> **Data block**
= = = =
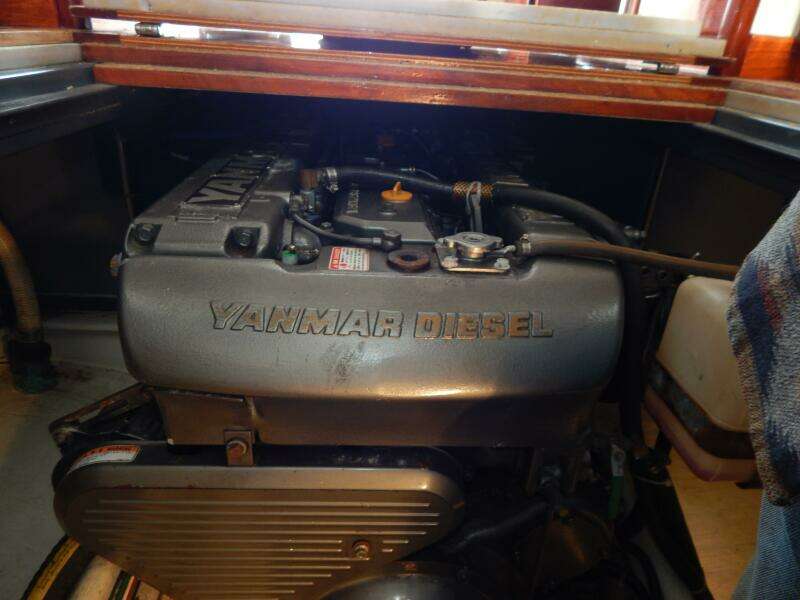 2000 BHM Flybridge Cruiser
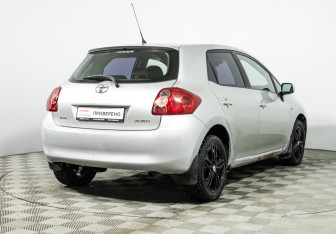 Подержанный автомобиль Toyota Auris Hatchback 2007 года (5 фото)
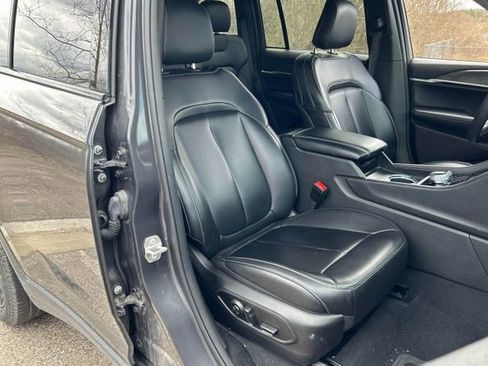 Used 2024 Jeep Grand Cherokee Limited w/ Black Appearance Package image 16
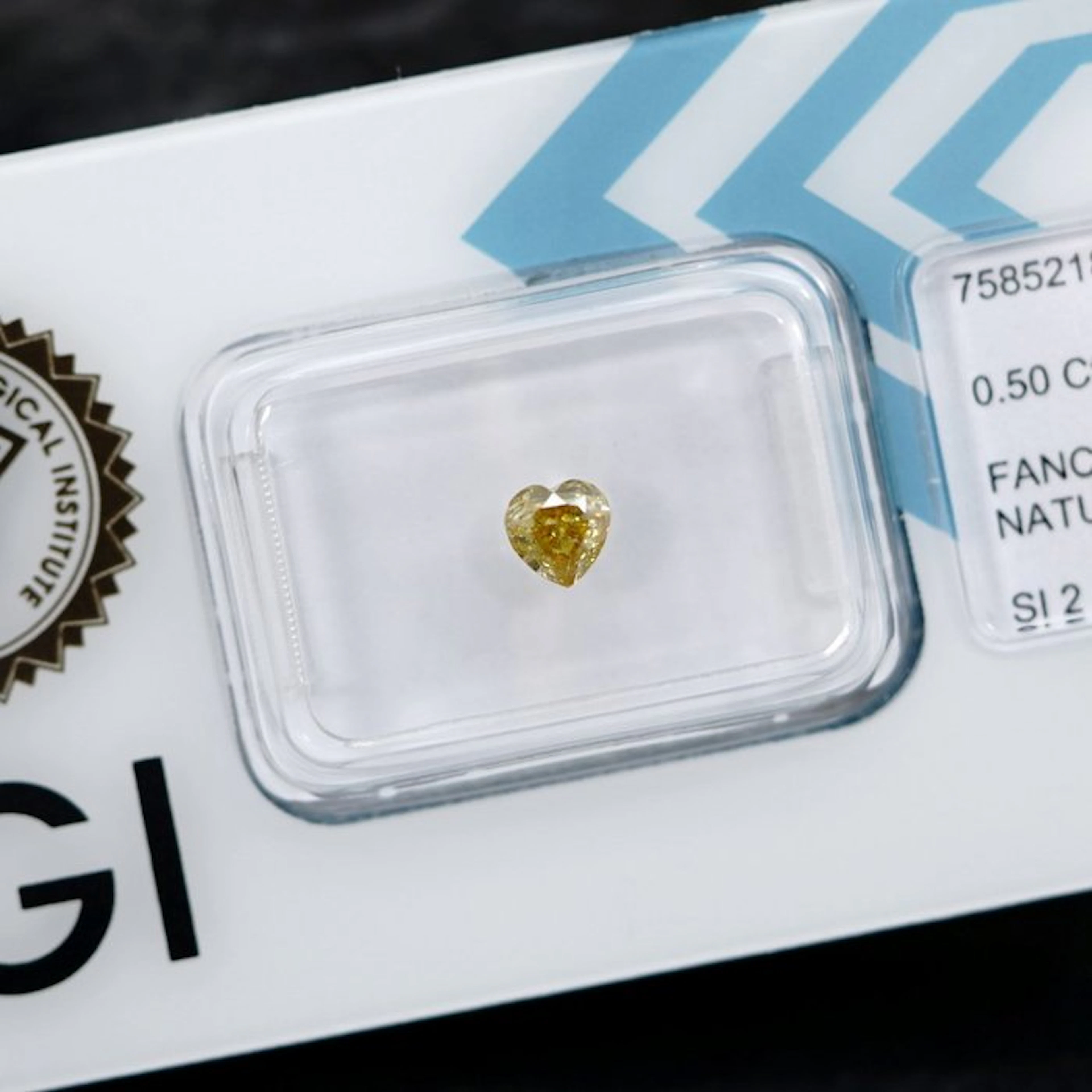 1 pcs Diamond (Natural coloured) - 0.50 ct - Heart...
= = = =
> **Action item**
Reproduce the whole listing verbatim and keep all pictures out of it.

> **Written answer**
 2000 BHM Flybridge Cruiser
 Подержанный автомобиль Toyota Auris Hatchback 2007 года (5 фото)
 Used 2024 Jeep Grand Cherokee Limited w/ Black Appearance Package image 16
 1 pcs Diamond (Natural coloured) - 0.50 ct - Heart...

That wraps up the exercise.